Java代写:CSC460 Dynamic Hashing

代写数据库中的动态Hash的实现,为后续的数据库设计做准备。

Overview

In our first programming assignment, you created a binary file of uniformly- sized records. Querying the content of such files can be made more efficient by using an index.

In class we talked about Dynamic Hashing indices under the assumption of a binary (2-way) tree. If your situation permits - and ours does - the use of an n-way tree can produce a shallower in-memory tree index and thus faster searches. Further, we can create indices by reading the content of the field being indexed in reverse order. Doing so can further improve querying performance.

Assignment

Write a complete, well-documented Java program that creates a Dynamic Hash index for the binary file of taxi trips that your PartA.java program created, and uses it to satisfy a simple type of query. In particular, you are to index on the Trip Total field, using the digits in reversed (right to left) order, ignoring the decimal points and the dollar signs.

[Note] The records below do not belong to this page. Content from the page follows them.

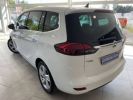Opel Zafira TOURER 1.6 CDTI 136 ch Start/Stop  Blanc  - 2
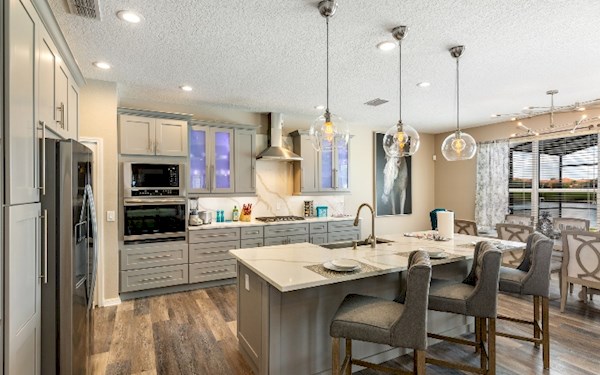 Bella Vida 6 Bed/5 Bath newley decorated with lake view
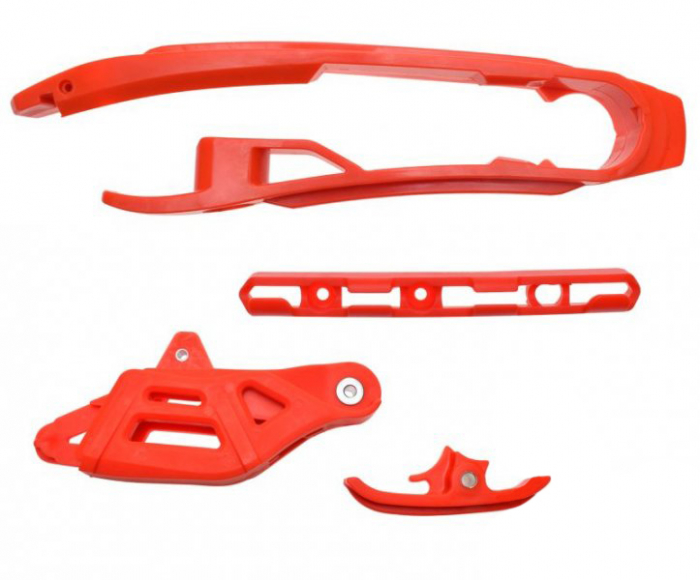 Kit patine lant transmisie KTM [2]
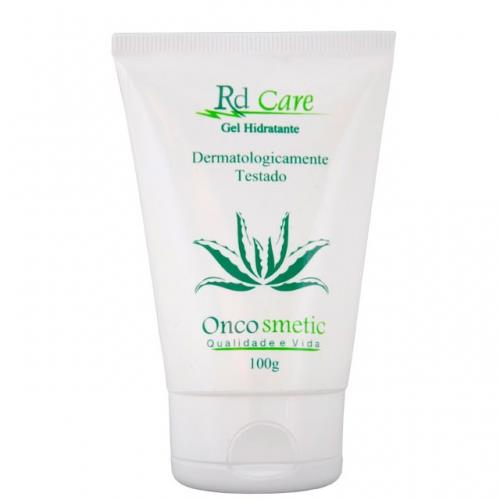 Gel Oncosmetic Rdcare Hidratante 100g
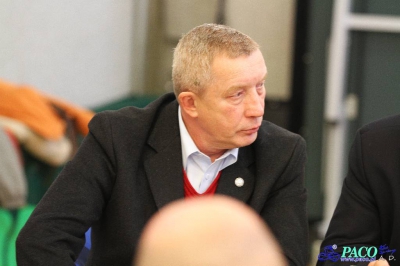 XIII MP Seniorek w Boksie Konferencja techniczna - losowanie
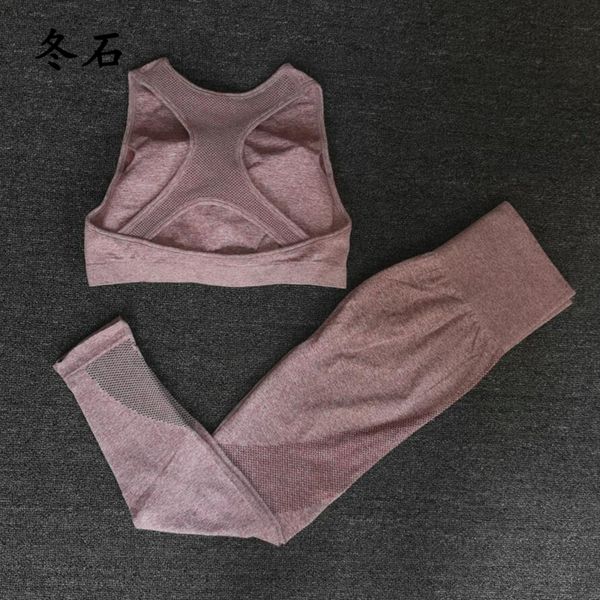 yoga outfits women mesh seamless set sports suits women's high waist gym fitness pants sportswear leggings+bra, White;red
yoga outfits women mesh seamless set sports suits women's high waist gym fitness pants sportswear leggings+bra, White;red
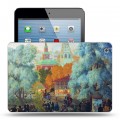 Дизайнерский силиконовый чехол для Ipad Mini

Recall that a dynamic hash structure consists of a bucket directory tree and a collection of buckets. In this assignment, the key field of the data consists of just numeric characters. Your directory tree should be structured with up to one level per digit in the key, and 10 tree pointers and 10 hash file “pointers” (really just byte offsets into the binary file of hash buckets) per node. The following picture should help:

At the beginning, your tree should consist of just the root node with pointers to 10 empty buckets in the hash bucket file. As buckets are filled based on the right-most digit of the key of the record being inserted, new leaf nodes will be added to the tree and buckets will need to be split. To add new buckets to the hash file, all you need to do is append the new buckets to the end of the file (and, optionally, reuse the old bucket, to save space). For this program, use hash buckets that can hold 1,000 index records each. I recommend that each bucket be based on a data structure that consists of (a) a count of how many of the 1,000 slots are filled, and (b) an array of slots. The hash file will be just a binary file of these bucket structures.

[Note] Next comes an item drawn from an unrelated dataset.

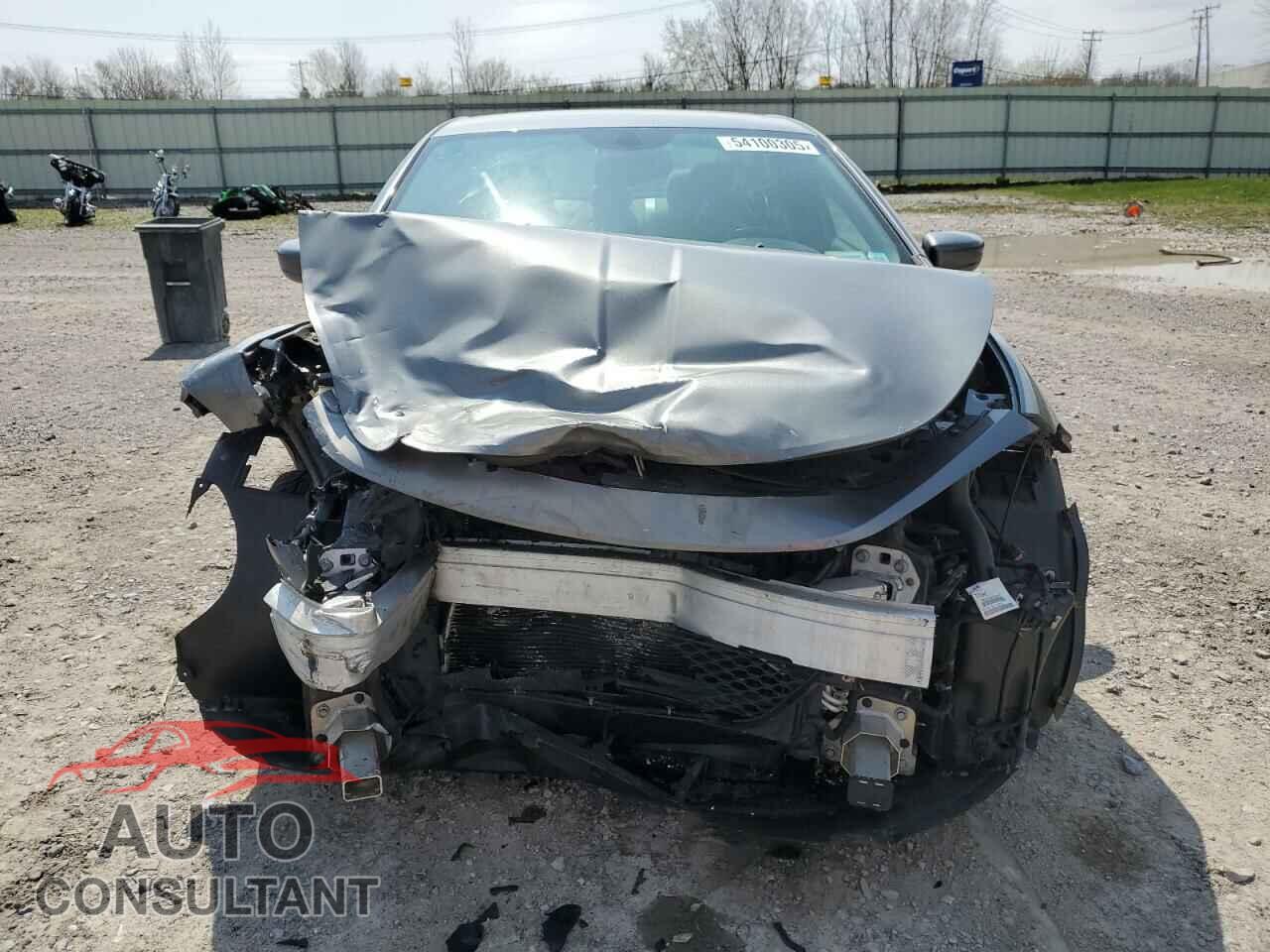 DODGE DART 2013 - 1C3CDFBA6DD701798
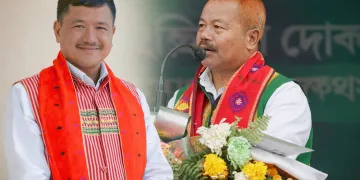 পৰিষদৰ পৰা বিধানসভালৈ: ২০২৬ৰ নিৰ্বাচনী যুঁজত কাৰ্বি আংলং, ৰাভা হাছং আৰু বিটিচিৰ শীৰ্ষ নেতা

Once the dynamic hashing structures (the in-memory tree and the on-disk buck file) are created, the program is to process a simple variety of query using your dynamic hashing index. Prompt the user to enter a sequence of a Trip Total suffixes (e.g., a Trip Total of $6.70 has potential suffixes of 0, 70, 670, 0670, etc.). Your program should display the Trip ID and Trip Total fields associated with the given suffix and the total number of records that were printed. Sequentially scanning the binary file to find the matching records is not acceptable the querying must use your index. Display the Trip ID and Trip Total fields using the same output format you used for Program #1.

Data

The binary file to be indexed is to be the one your PartA.java program from Program #1 creates. If you need to make changes to PartA.java to create a correct binary file for this program to index, be sure to submit your updated PartA.java in addition to this program.

The queries will consist of suffixes as described above. Suffixes of no digits and of a ridiculously large quantity of digits should all be handled reasonably.

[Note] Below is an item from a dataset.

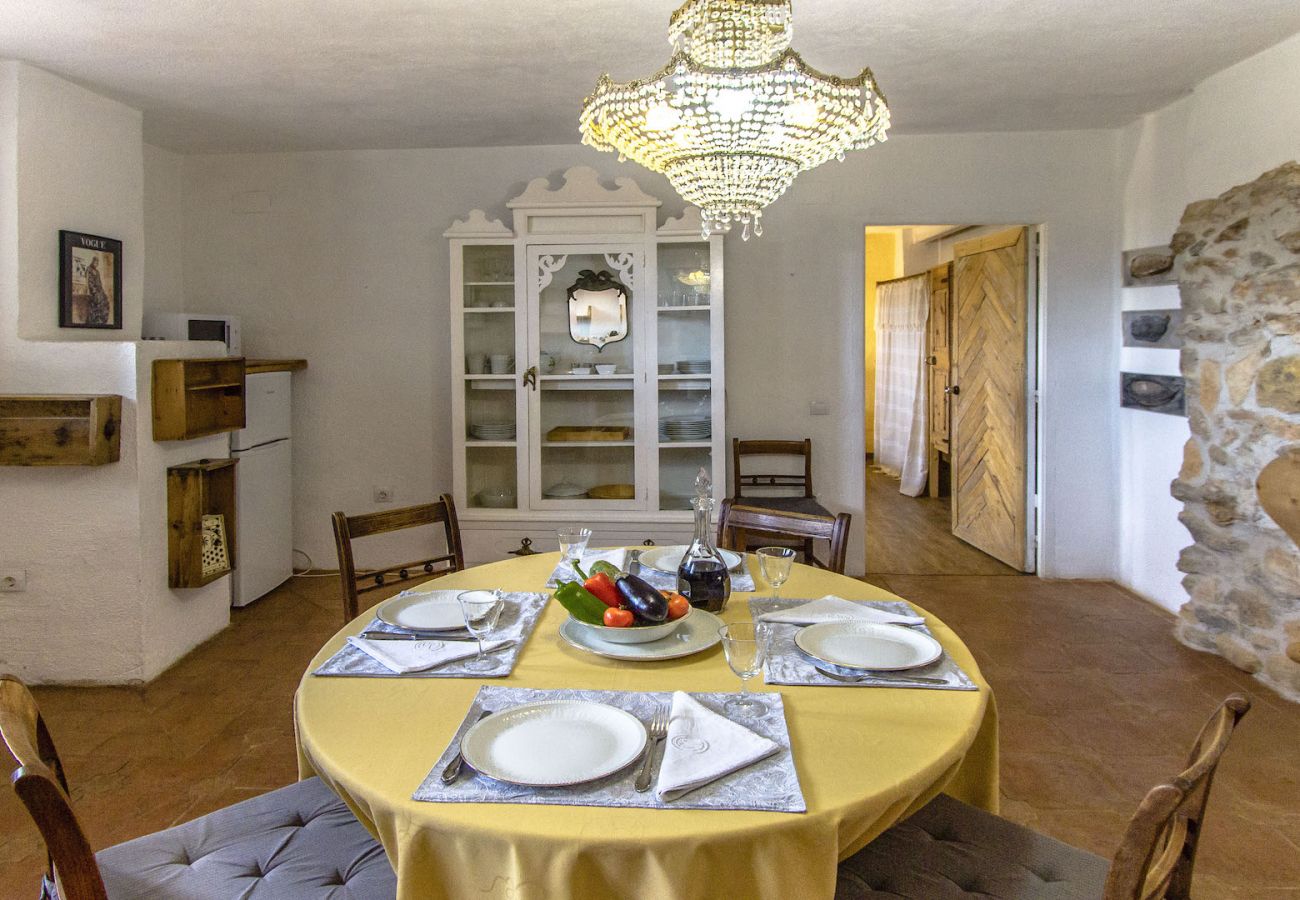 Villa in Vila-Rodona - Breathtaking 18th Century Converted Convent!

As for dreaming up queries for testing, that’s up to you. We’ll test with a variety of query strings, of course, to make sure that your code is operating correctly and robustly. Thus, so should you.

Output

Apart from the various prompts to the user, the only displayed output from your program should be the query results. After the list of records, display a count of the number of records that match each query: “# records matched your query.”

Hand In

You are required to submit your completed program file(s) using the turnin facility on lectura.
The submission folder is cs460p2. Instructions are available from the document of submission instructions linked to the class web page. Because we will be grading your program on lectura, it needs to run on lectura. This means that you need to test it on lectura. Name your main program source file Prog2.java so that we don’t have to guess which files to compile, but feel free to split up your code over additional files if you feel that doing so is appropriate. Submit each file as-is; that is, do not ‘package’ them into ZIP or TAR files.

Want to Learn More?

  • There aren’t many examples of our version of Dynamic Hashing available. I refer to this type of external hashing as “Dynamic Hashing” to distinguish it from Extendible Hashing, which is more well-known. But, really, Extendible Hashing is an example of the general concept of dynamic hashing, too.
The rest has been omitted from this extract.